▶ The records
[Start of section]
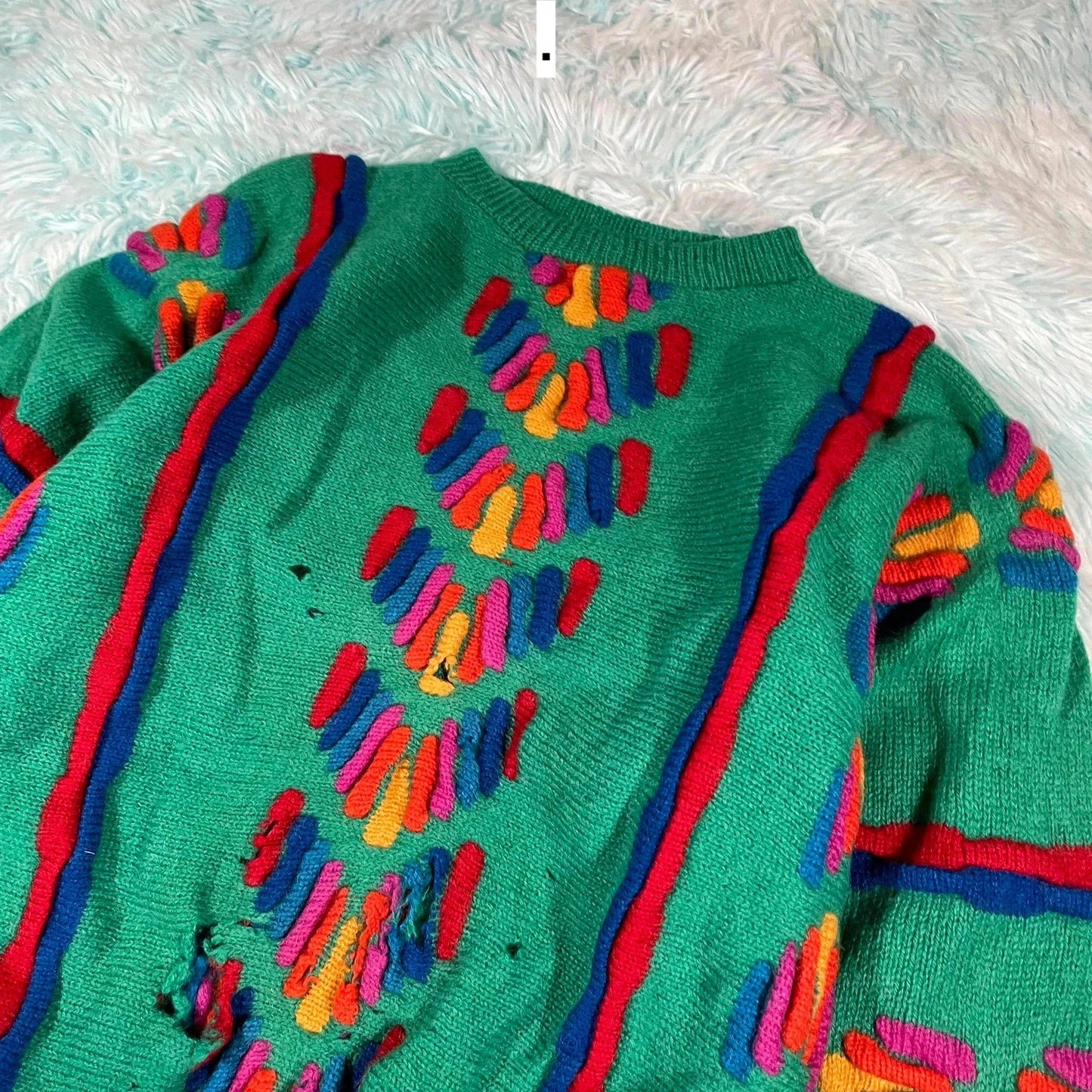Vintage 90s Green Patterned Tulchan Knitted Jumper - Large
[End of section]
[Start of section]
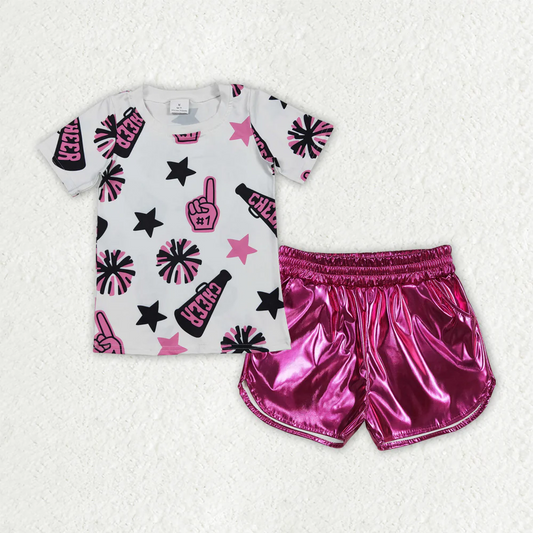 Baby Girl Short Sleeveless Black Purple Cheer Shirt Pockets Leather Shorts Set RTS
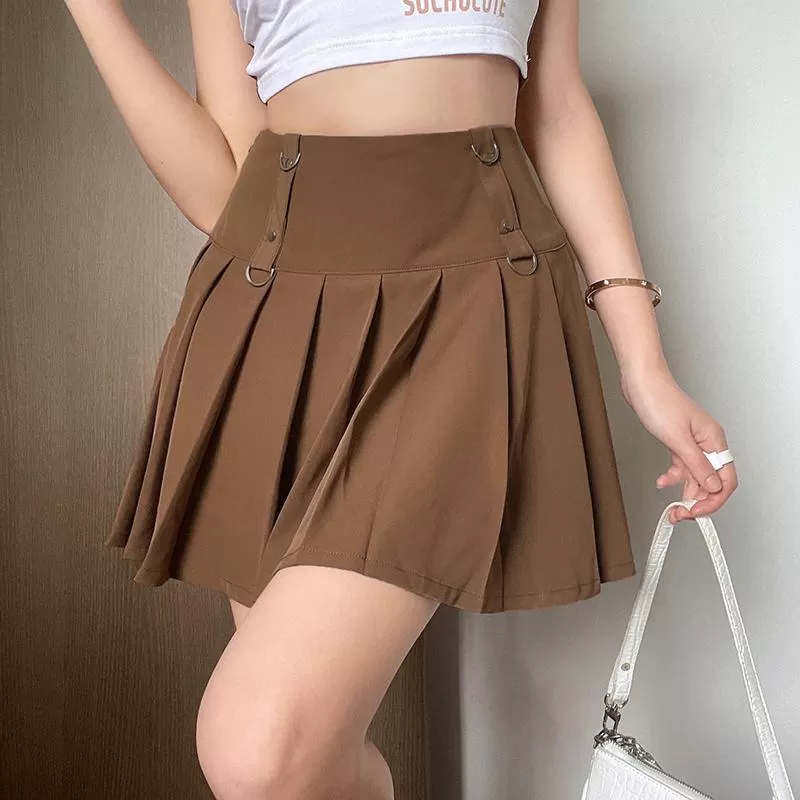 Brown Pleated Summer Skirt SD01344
[End of section]
Would you please repeat only the lines above, beginning at the one that has "Baby Girl Short" and stopping after the one that has "Brown Pleated Summer Skirt SD01344", exactly and with no pictures?

▶ Worked solution
 Baby Girl Short Sleeveless Black Purple Cheer Shirt Pockets Leather Shorts Set RTS
 Brown Pleated Summer Skirt SD01344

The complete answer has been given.